= Agbarho =

Town in Delta State, Nigeria

Agbarho is a town in the Ughelli North LGA of Delta State, Nigeria.

It is also one of the kingdoms that make up the Urhobo Tribe.

The Urhobo are the main tribes living within this area.
They speak the Agbarho dialect of Urhobo, which is the target dialect standard dialect for literacy in Urhobo language.

The Agbarho people have a traditional ruler who leads the whole of Agbarho Kingdom, known as the Osuivie of Agbarho Kingdom.

==Population==
Agbarho is one of the most populated towns in Delta State, with an estimated population of over 500,000 people.
Agbarho is made up of communities such as the Oguname, Ophori, Oviri, Oghara of Agbarho, Uvwiamuge, Ughrugheli, Uvwiama Ekrerhavwe, Ikwegwu Okrherhe, Orhokpokpor, Orho-Agbarho, Ekwerhe. E.t.c.

The people of Agbarho are mainly farmers and businessmen/women.

Some of the schools of this region include the Popular; Unity School Agbarho, Agbarho Grammar School, St. Endas College Agbarho and others such as Agbarho Model Primary School, Isherhe Primary School and Evwrutu Primary School.

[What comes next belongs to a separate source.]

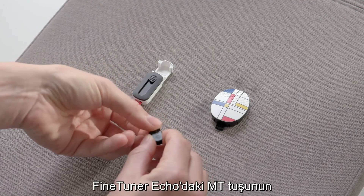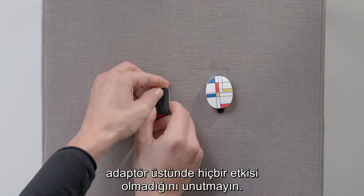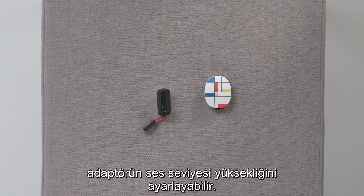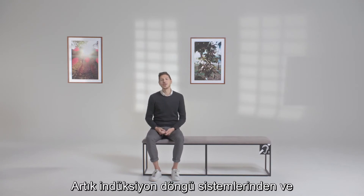Please note that the input selection key of the fine-tuner echo has no effect on the telecoil adapter. Your healthcare provider can adjust the loudness of the adapter for each audio processor program. Now you can enjoy using hearing loops and telecoil-enabled phones.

There is also a government owned and operated hospital which lies at the outskirts of the town and on the way to Ohrerhe community.

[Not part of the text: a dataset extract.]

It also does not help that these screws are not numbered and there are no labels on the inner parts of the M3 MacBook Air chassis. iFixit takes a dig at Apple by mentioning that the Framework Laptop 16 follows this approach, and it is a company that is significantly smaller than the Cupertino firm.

There are five stars hotels that will suit any visitors taste.

The town has since the early 70's had facilities like a post office, pipe-borne water supply and electricity. However, the satellite villages had none of these facilities until the 1990s ushered in a new development drive which began to open up these interiors. Notable of such drives was a self-help electrification project instituted by businessman Late Chief. John Mononia Agbatutu for Ohrerhe community.

Agbarho traditional rulership has been by the Osuivie who rules with an advisory body comprising traditional chiefs from whom the chronologically foremost in the chieftaincy institution succeeds the Osuivie.

There is also an administrative body known as Agbarho Urhobo Improvement Union (AUIU) which has the responsibility of development and policy making.